New 2010 Toyota Prius In High Demand
We got a lot of guff for stating that the Toyota Tundra was in high demand last week, so let’s be clear this time when we say “high demand.” Toyota can sell the new 2010 Toyota Prius as fast as they can make them. That’s called “demand” – we think this demand is “high” because most Toyota dealers have few or no Prius in stock.

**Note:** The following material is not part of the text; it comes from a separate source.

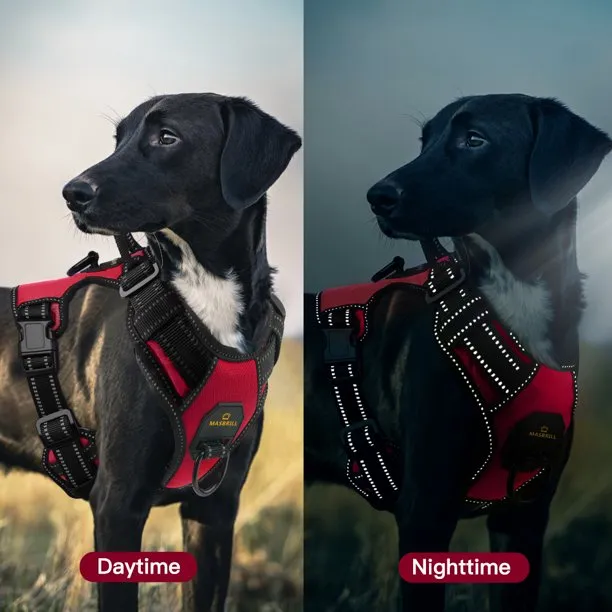 Dog Chest Harness Adjustable for Small Dog Red in Extra Large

This is the same rationale that we used to state that Tundra demand was high…hopefully it won’t be confusing this time. Check out the stories below:
Some U.S. Toyota dealers are marking up new Prius over sticker. This is a crazy story – the new Prius is so hot right now (largely as a result of a Cash for Clunkers inspired rush) that some metro Detroit Toyota dealers are demanding “market adjustments” of $2k to $10k dollars above sticker. There are reports of other dealers across the country doing the same thing on some popular Prius forums.
While Toyota doesn’t specifically “ban” this practice, they do often withhold inventory from dealers that engage in this practice. Here’s to hoping that dealers who mark-up cars above sticker lose their allocations.

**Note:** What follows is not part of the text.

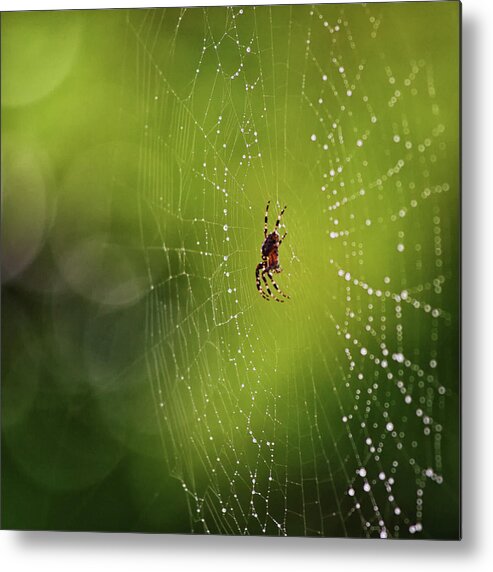 Spider Metal Print featuring the photograph The great architect in the morning light by Tatiana Travelways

Many Toyota dealers have pre-sold Priuses for months out. A quick informal survey of Denver metro Toyota dealers reveals that most incoming Toyota Prius have been pre-sold. According to one local dealership employee, “the best chance at a Prius is to hope someone is stupid enough to cancel their order.” We were told the current wait time for a new 2010 Prius was 2 weeks to 5 months, depending on the package and features we wanted.
Toyota is selling the Prius like crazy in Japan. The Japanese market can’t get enough of the Prius either. According to a Rueters report:
[Toyota's] Prius hybrid was Japan’s best-selling car in July for the second straight month, but customers placing orders have to wait about eight months before getting their cars due to strong demand and a shortage of batteries
Toyota’s sales in Japan are up so much that they’ve decided to temporarily increase production.
Toyota is searching high and low for battery manufacturers. Evidently, the bottleneck in Prius production is batteries. With the model selling so well in North America and Japan, Toyota is trying hard to find new sources of battery production. Despite Toyota’s joint-venture relationship with Panasonic, they’ve asked Sanyo for help producing batteries.
Bottom Line: If you managed to buy a 2010 Prius since the model debuted, count yourself lucky. While it’s likely true that Prius demand would cool if Toyota managed to increase production, there’s no denying that consumers want the new Prius.
Of course, that’s what we said about the Tundra last week, so let the nay-saying begin!